So there we were. Dressed for a quick play date, outside some stranger’s house in the wrong neighborhood, as we awaited the arrival of what we thought was the owner and her children. It was hard to grasp at first but it was to get even more interesting as the real owner of the dogs inside slowly approached the scene of the paralyzed car as we looked hopelessly lost on the side of the road outside her house. She, as it turned out, had come home to use the restroom, and found us instead and our naughty car. Smiling from ear to ear, she got out of her car and walked over to inspect the dilemma we found ourselves in. Still grinning she said that this happens a lot whenever the ground is really saturated and showed us the many previous marks on the ground where various drivers had driven into the muddy bank. 

This called for a real rescue. So a good friend was notified of the emergency. He was about 20 minutes away and had a rescue vehicle that was used in his business, a paramedic type of truck that looked like a cross between an ambulance and a tow truck. The funny thing is that when he found the screw to insert to plug into the threads under the boot of the car, to hook up the rope so he could pull us out, it wouldn’t screw in. So without skipping a beat, my 7 year-old grandson said proudly that he needed to turn the screw in the other direction, having noticed some line on the screw, he knew within a nanosecond how to thread it. I just stood there with utter amazement having never seen that particular part of any car in such an intimate and important moment. So in the hour and a half that we were there freezing our asses off and wondering how in the world we were going to extricate ourselves from this problematic parking, we waited impatiently as we discovered more information, like the actual facts, and we were biding our time looking at the two magnificently muddied highland cattle in the enormous paddock next to the wrong number 6 house. After a few minutes inside her house, the wrong house, the woman came out of her house, which was her right house, with a couple of pieces of silver beet for Elijah to feed to Marcy, aged 7 and Misty, aged 4. They’d traveled the width of the paddock near the fence to come inspect these idiots that were looking at them in such inclement weather. Even they were probably thinking, ‘Oh, here’s a few more dummies that got stuck here, hurry, let’s look ferocious as we walk over to them.’

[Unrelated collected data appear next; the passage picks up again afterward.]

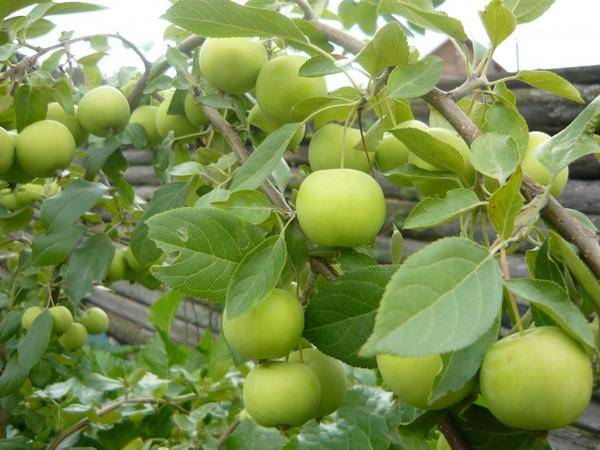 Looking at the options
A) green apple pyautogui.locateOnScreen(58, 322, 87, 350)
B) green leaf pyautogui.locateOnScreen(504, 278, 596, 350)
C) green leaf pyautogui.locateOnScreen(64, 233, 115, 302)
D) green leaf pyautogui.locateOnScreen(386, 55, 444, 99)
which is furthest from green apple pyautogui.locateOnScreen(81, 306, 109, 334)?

At some point after much hilarity we got to the right house in the right town. As I suspected there were kids everywhere, hanging upside down from a tree house structure outside and in every nook and cranny inside. The house in comparison to the wrong house was wonderfully old fashioned and stuffed with books and handmade creations and toys and life and had so much to admire we felt so happy to have finally gotten there. Their wonderful mother had made us a hot lunch of her three sisters stew, which after being outside in the rough seemed doubly delicious along with the cut up apples, carrots, variety of dips and crackers and such on her thick slab of a dining table that was quite beautiful and sturdy enough for the onslaught of her brood.  We laughed some more and even she knew about that other house and that woman we met, since on occasion she has had to pick up misdelivered packages that ended up there instead of at her house.

Gosh. Just like us, misdirected packages that ended up there. And instead of a short visit we made up for lost time and stayed much later than expected and then left Elijah there for Daddy to pick up on the way

home. He had so much fun playing with his new pal he hardly noticed we were gone.